There are several other stories like these, but the one that kills me is about this shaggy farm dog. (This one is shown as a reenactment because as you will see there’s obviously no footage.) This guy is talking about the farm he grew up on and this awesome shaggy dog they had and how the dog would go out with them while they were working and then run alongside the truck down the dirt road on the way home. This one day it’s super windy and the dust from the dirt road is blowing all around so the farm guy can’t see out the front window at all really, and the shaggy dog is running alongside the truck and he starts barking like crazy, which he’s never done before. It turns out that the dog can see the farm guy’s brother up ahead, who got stuck in a ditch in the middle of the road riding his bike home. The farm guy realizes the dog is acting kind of weird, but he keeps going and then suddenly a few yards before the farm guy is about to run over the brother, the dog throws himself in front of the truck and the farm guy stops, not in time to save the dog, but in time to save the brother. How I didn’t see this part of the story coming I don’t know, but I completely lost it. You know how sometimes you watch something sad and you get a little misty? Yeah, this was nothing like that. I’m trying to tell you I threw my hand up to my face and burst into convulsing sobs. And actually I started laughing at the same time, because I felt like such a dope, but it totally killed me.
PBS. Sometimes it’s not just talking heads.

7 comments:

Elizabeth Crane said...

Finally, a reasonable explanation for why I have always thought all men should fall in love me, regardless of whether or not I fell in love with them! (Less vixenish in reality than it sounds, I never recruited so much as wished.)

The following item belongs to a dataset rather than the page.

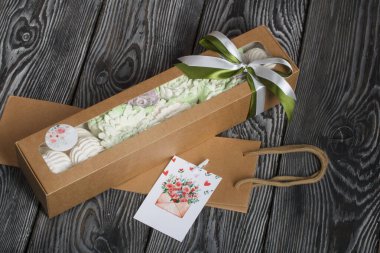 Güller, laleler ve marşmelovlardan kasımpatılar. Zephyr çiçekleri. El işi ambalajında. Kurdeleyle bağlanmış.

Talking about the dog reminds me that when I was a kid, I LOVED the movie Gone With The Wind, but the only scene that made me cry was when the horse drops dead.

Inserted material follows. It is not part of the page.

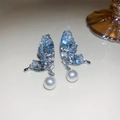 Vintage silver earrings with blue crystal butterfly wings and white pearl drop pendants - Blue Crystal Butterfly Pearl Drop Earrings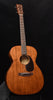 Martin acoustic guitar with natural wood finish and round sound hole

I gotta sign up for that email alert!

Anonymous said...

PBS. We watch, and not just to get our money's worth of Pat's subscription.

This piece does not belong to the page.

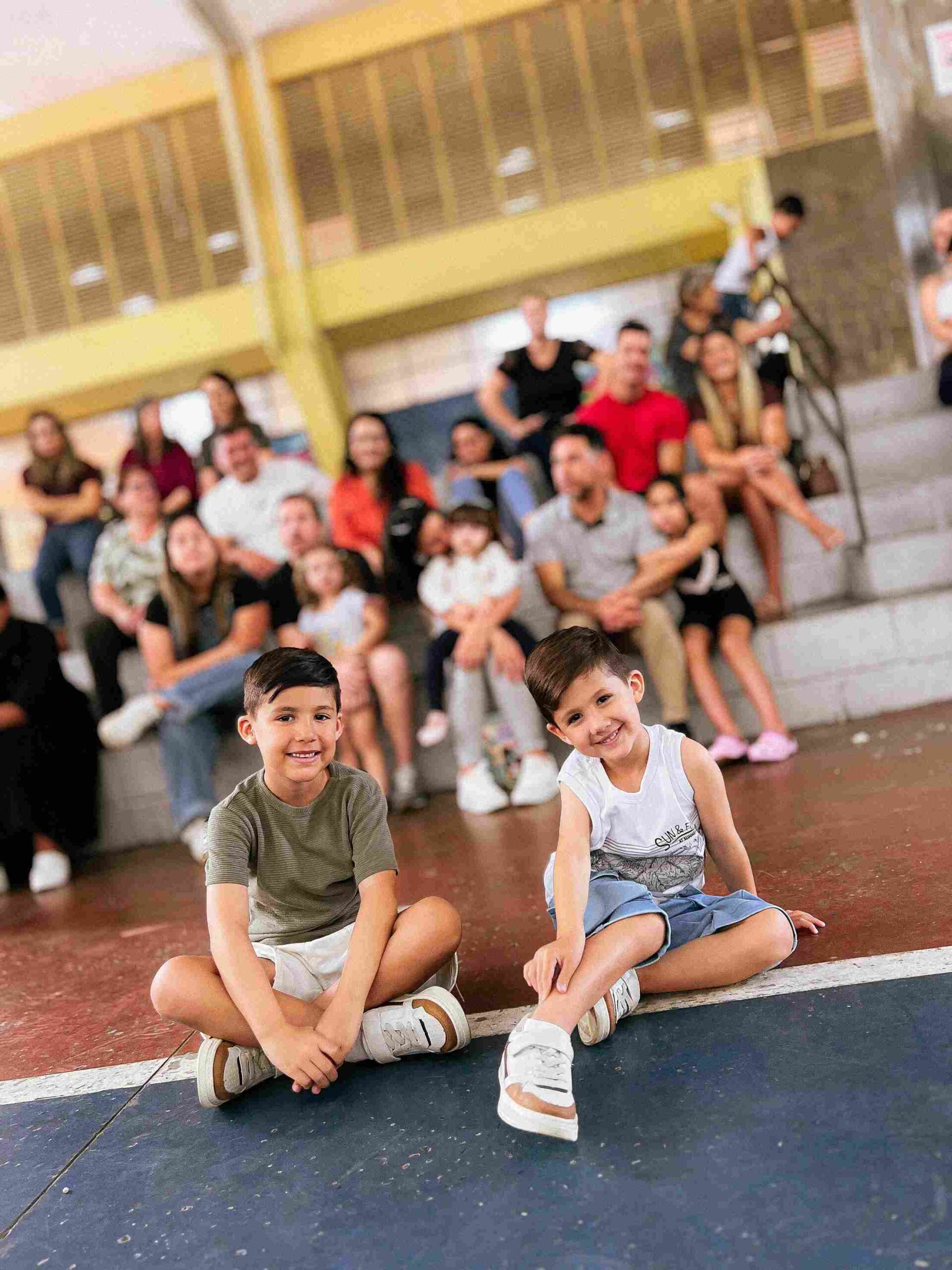 Duas crianças sorrindo na plateia, com o público de pais ao fundo, no Sarau 2025 do Colégio Futura Infantil Jundiaí.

The animals and the baby animals are pretty awesome. Good to watch while I am nursing my own baby animal. For whom I would summon the strength of an elephant and then PBS would make a documentary out of me, I might add.

Elizabeth Crane said...

Oh my god!
And yet, I have no problem believing it.

Anonymous said...

Are you serious?!?!?!? I really hope at this point, you don't eat meat. If so, not only are you causing some serious cognitive dissonance with this reader, and I'm sure many others who just choose not to address it, but you are reaching the heights of hypocrisy with your pretentions.

Elizabeth Crane said...

Hell, yeah, Anonymous, I eat meat! I'm wondering where exactly I became a pretentious hypocrite in your eyes. I will say I never claimed to be consistent, and I defy anyone to tell me they are 100% consistent in their words and actions.
But pretentious? Have you read the rest of this blog? I watch Lindsay Lohan movies.

Teodoro Callate said...

well, this is just silly. anonymous, you can get over yourself.

Anonymous said...

I'm sorry if you misunderstood, I wasn't talking about your comment Elizabeth. I was commenting on Ms. Cakuls' reply. That's what I thought was pretentious.